The life of William Z. Foster

Book Review:
Forging American Communism, The Life of William Z. Foster
By Edward P. Johanningsmeier, Princeton University Press,
1994, $29.95

By Fred Mazelis
12 February 1996

The subject of this recent biography was a major figure in the American workers movement, whose political activity spanned the first six decades of the twentieth century.

Although he spent the last 33 years of his life as an obedient apologist for Stalinism, that is not the totality of William Z. Foster's political career. He did not join the American Communist Party until he was 40 years old, and by then he already had years of experience in turbulent class battles. In the second and third decades of this century, Foster played a role in union organizing struggles and in the early efforts to forge a party of the American working class based on the epochal significance of the October 1917 Revolution in Russia.

Edward Johanningsmeier's account is based on painstaking study, including research at the newly-opened Soviet archives in Moscow, where Foster's personal papers are held. The author provides us with 66 pages of notes and references and devotes nearly half of his story to Foster's career before 1920.

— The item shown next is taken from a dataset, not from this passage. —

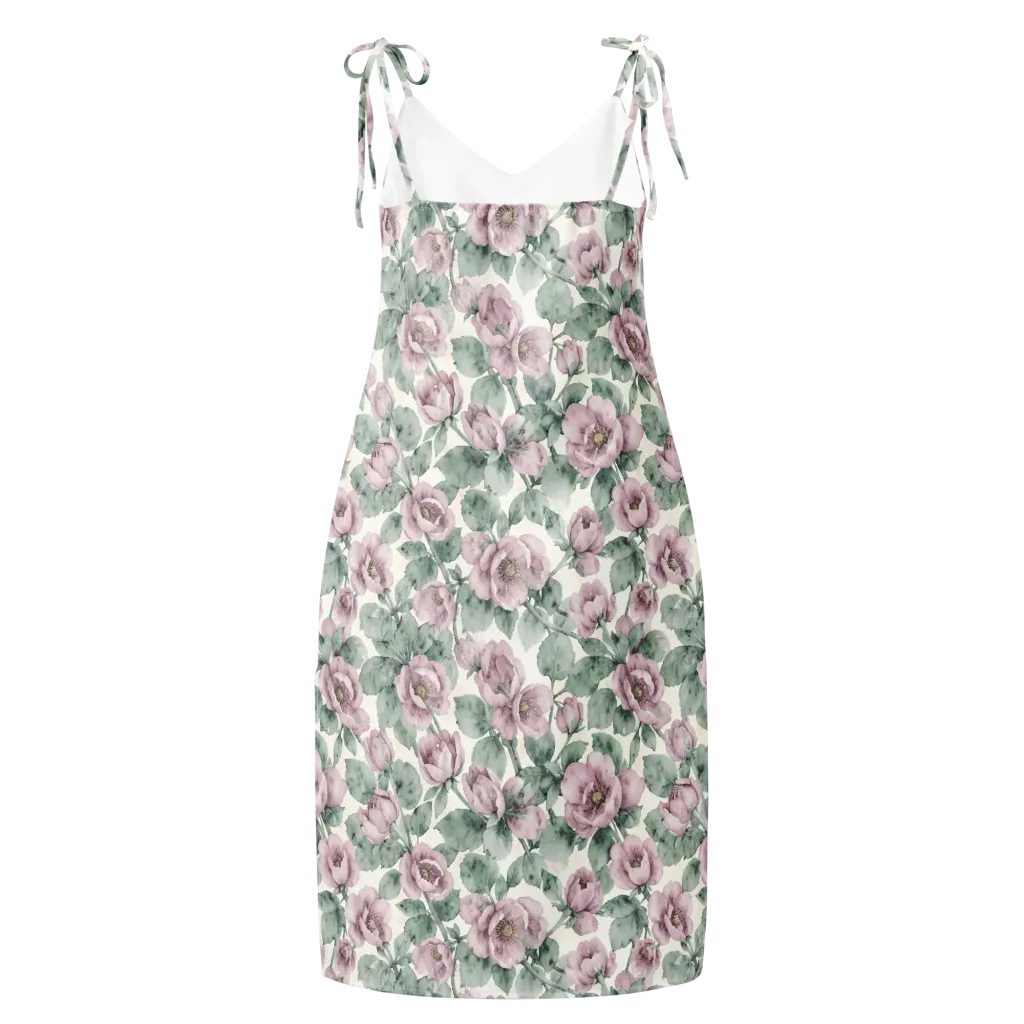 Blush Herbarium on Slip Dress — Back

Nevertheless, the book is sadly lacking in serious insight. Exhaustive detail is no substitute for a historical assessment of Foster and the struggles in which he participated. The basic problem is that Johanningsmeier, who teaches at the University of Delaware, is writing about a subject he does not understand. Judging from his book, he is a liberal with a general sympathy for labor or, more precisely, the reformist labor movement. He looks favorably on attempts to improve the lot of workers within the capitalist system, but clearly considers a revolutionary perspective unviable.

The author makes no attempt to explain the historical significance of Stalinism and the struggle against it by the Trotskyist movement. He implicitly identifies Bolshevism with the counterrevolutionary bureaucracy which usurped power in the Soviet Union. The problem is not simply that Johanningsmeier does not agree with Marxism, but that he shows little awareness of either the Marxist analysis or the history of the socialist movement.

Growing class struggles

William Z. Foster was born in Taunton, Massachusetts, near Boston, in 1881, and grew up in Philadelphia. His parents were poor immigrants, his father from Ireland and his mother from England. Economic circumstances forced Foster to work full-time from the age of 10. This was a period of rapid industrialization, an unprecedented wave of immigration, and the growth of the working class and its economic and political struggles. The bitter Homestead steel strike of 1892 and the Pullman strike of 1894 made powerful impressions on Foster. He participated in the Philadelphia street railway strike of 1895.

As Foster entered his twenties, revolutionary ideas were spreading among American workers. The Socialist Party of Eugene Debs achieved its greatest strength in the first decade of the twentieth century. Debs, Bill Haywood and Daniel DeLeon joined together in 1905 to found the Industrial Workers of the World.

The IWW rejected parliamentary reformism in favor of "direct action." It shared some of the views of the European syndicalists, who had by this time achieved substantial influence in France, Spain and Italy. The syndicalists, while correctly opposing reformism, belittled or rejected the need for the working class to wage a political struggle for state power. They believed that the economic struggle and industrial strength of the working class would be sufficient for the overthrow of capitalism.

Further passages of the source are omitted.